Homophobic cleric Abu Usamah at-Thahabi will no longer be visiting the University of Reading tomorrow after the event he was due to attend was cancelled because of fears of violent protests.

The cleric has advocated that gay men should be thrown off a “mountain” and previously referred to gay people as “perverted, dirty, filthy dogs who should be murdered”.

Thahabi was due to attend Reading University’s Muslim Society on Thursday as part of a series of talks designed to raise awareness of Islam as a faith.

Yesterday, the Student Rights group called on the University of Reading to review it decision to allow the controversial cleric on campus.

In a statement on Wednesday, Reading University Muslim Society, Reading University Students Union and the University of Reading said it had decided to cancel the event due to threats “from extremist groups”.

The statement read:

A careful assessment of the threat to the events on Wednesday and Thursday evening have led all three organisations to reluctantly agree to the cancelation of these talks. Our priority is to the safety of all those who had planned to attend or to peacefully protest outside the talk and we are very disappointed that we have had to take this course of action. However, the safety of our students, members, staff and visitors is of paramount importance.
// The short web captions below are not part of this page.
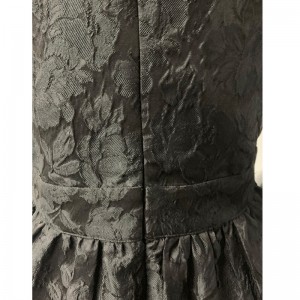 자카드 드레스 JLWD0001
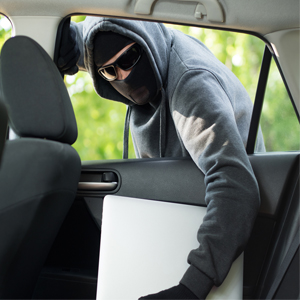 Anti-Steal&Vandalism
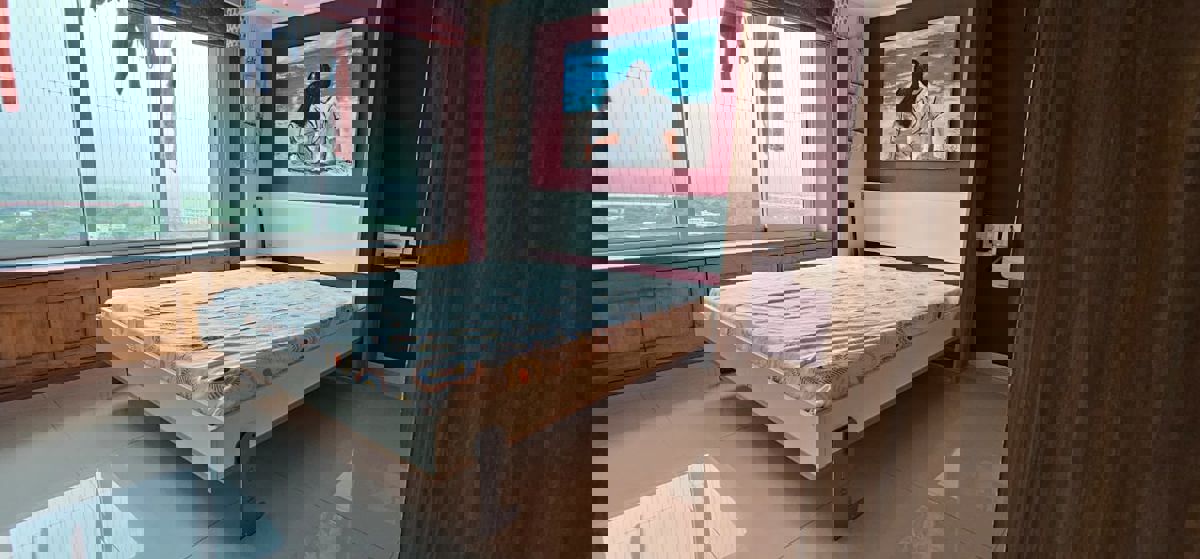 2 BHK Apartment For Rent in Romell Aether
Both the University and RUSU are committed to supporting the Muslim Society in its aims of raising awareness of Islam and building mutual understanding. We are delighted that other events in the week’s programme will be going ahead as planned.

As part of the review of these events, the university has agreed to work with RUSU to ensure its policies reflect the need to protect the principles of freedom of speech in balance with the rights of all constituent parts of the student community. The university is committed to upholding both the right to free speech and the right to lawful protest within an environment that guarantees the safety of all users of our campuses.